I decided I needed to know more details, so I dug out my copy of Thucydides in English.
So maybe people don't know what I'm even talking about. Around 400 B.C., Greece was pretty evenly devided between Athens, and her ally cities, and Sparta, and her allies. A war broke out between the two groups which dragged on for almost thirty years.
About fifteen or twenty years into the war, Athens, for some ungodly reason, decided to send a force to attack Greek colony cities in Sicily. They hired a bunch of Thracian mercenaries to fill out their numbers. Thrace was up north, just south of where Bulgaria is today, but back then this was not part of Greece. Greeks thought everybody who wasn't Greek was a barbarian, and these people actually lived up to the name.

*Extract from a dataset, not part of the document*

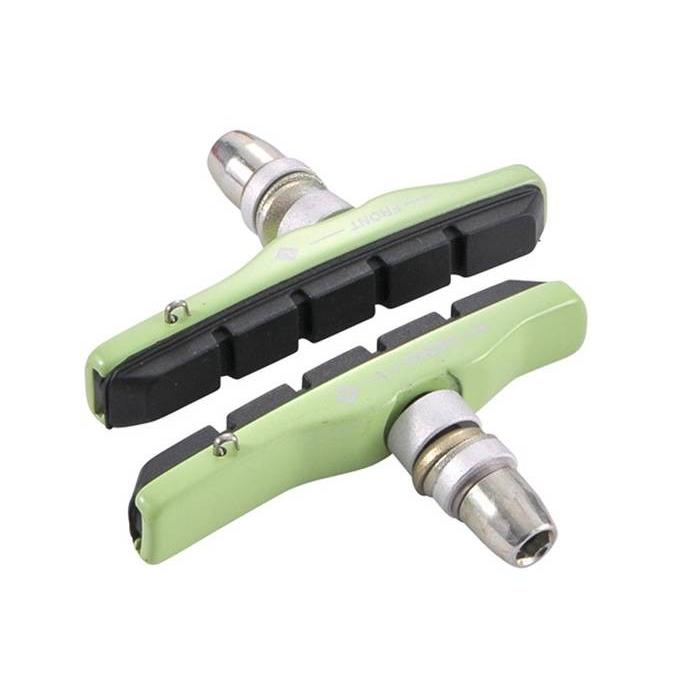 ブレーキシュー カートリッジ式 赤 青 白 オレンジ ピンク グリーン V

It took a while for the Thracians to get to Athens, and the fleet got impatient and left without them. Athens was having to get all of the city's supplies sent in by sea, and this, on top of financing the war, was straining the city's finances. When the Thracians finally arrived the Athenians didn't want to pay them to stick around, so they sent them up north along the coast to cause trouble there.
The Thracians sailed into Spartan-allied territory, landed, and attacked the first town they found. It was Mycallessos. The townspeople thought nobody would bother to attack them because they were in the backside of beyond, and didn't have much in the way of defenses. In fact they were still in the habit of leaving the gates open at night. So one day at dawn, the Thracians had no problem barging in. They killed every living thing they encountered. They came across the school, and brutally slayed every student.

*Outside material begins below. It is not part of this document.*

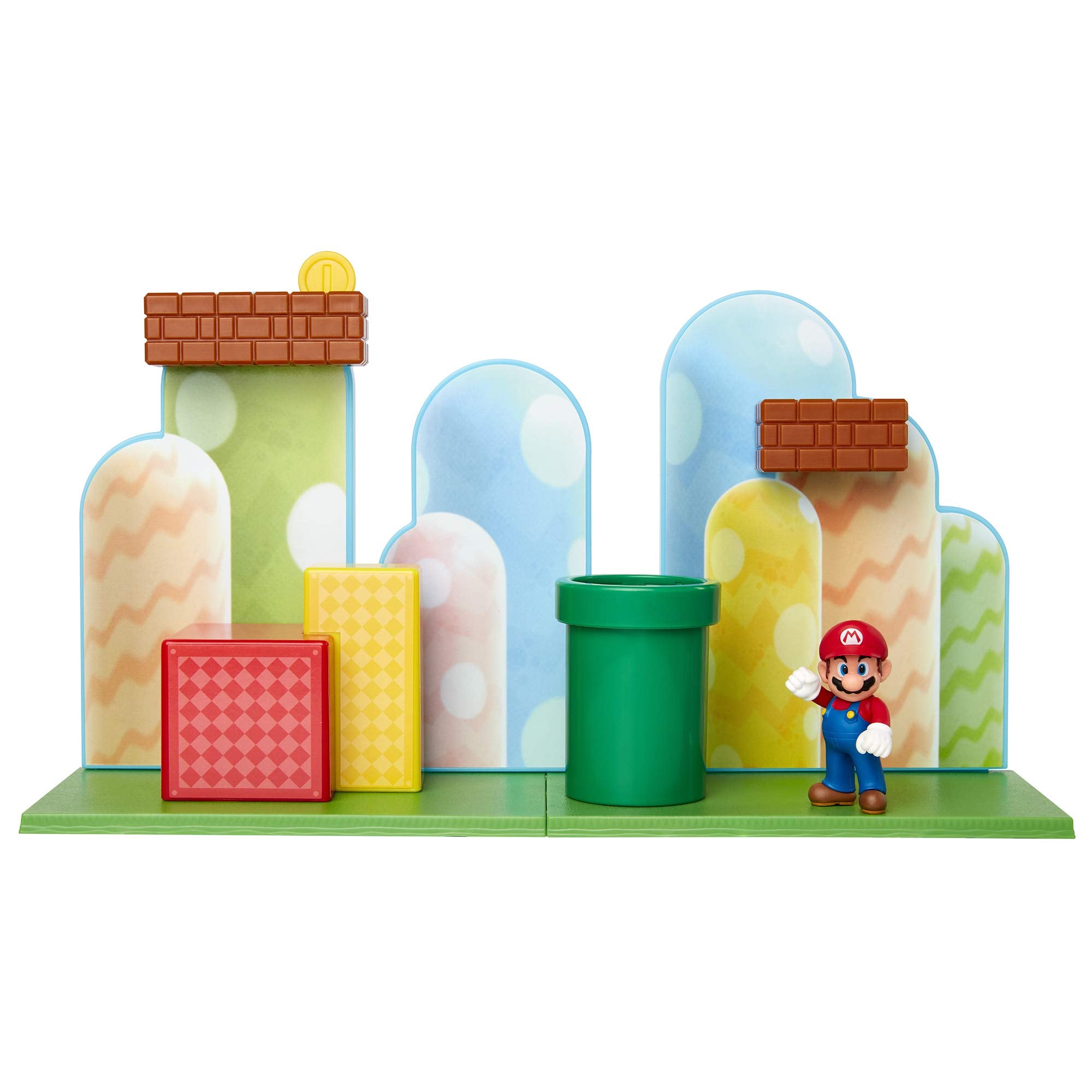 ISHIKAWA TOY Super Mario Playset Mushroom Kingdom- Japan Figure Store - #1 Bring To You The Best Japanese Goods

The big city of Thebes was nearby, and heard what was going on, and sent help -
And, sorry, I can't "help" but break to say that I learned just today in my Greek class that the Greek verb for "to help" is a combination of the smaller verbs, "shout" and "run around." So when you help somebody you shout and run around.
- but the Thebans were too late for Mycallessos. They caught up with the Thracians at the shore as they were about get back on their ships, and as Thracians couldn't swim, there was quite a panic. A lot of the Thracians still escaped.
There Thucydides wrote, "So the town of Mycallessos suffered a calamity as brutal as any encurred during the war . . ." and then he jumps back to describing what happened to the Sicilian expedition. No rumination, no commentary. I don't really get how this got the reputation of being one of the lowest of the low points of the war - after reading the passage it appears it was just one atrocity out of very many, perpetrated by both sides. The Germans bombed Coventry. The Americans bombed Dresden.
This is a good example, though, of why people should study about Greeks. For possibly the first time in the existance of humanity, a man wrote a description of war, which was not set in a glorious, semi-mythological past, but in his own lifetime, and one in which there were no good guys. Everybody were bastards. The Germans bombed Coventry. The Americans bombed Dresden.
Oh, and hate to spoil it for you - eventually, Athens lost.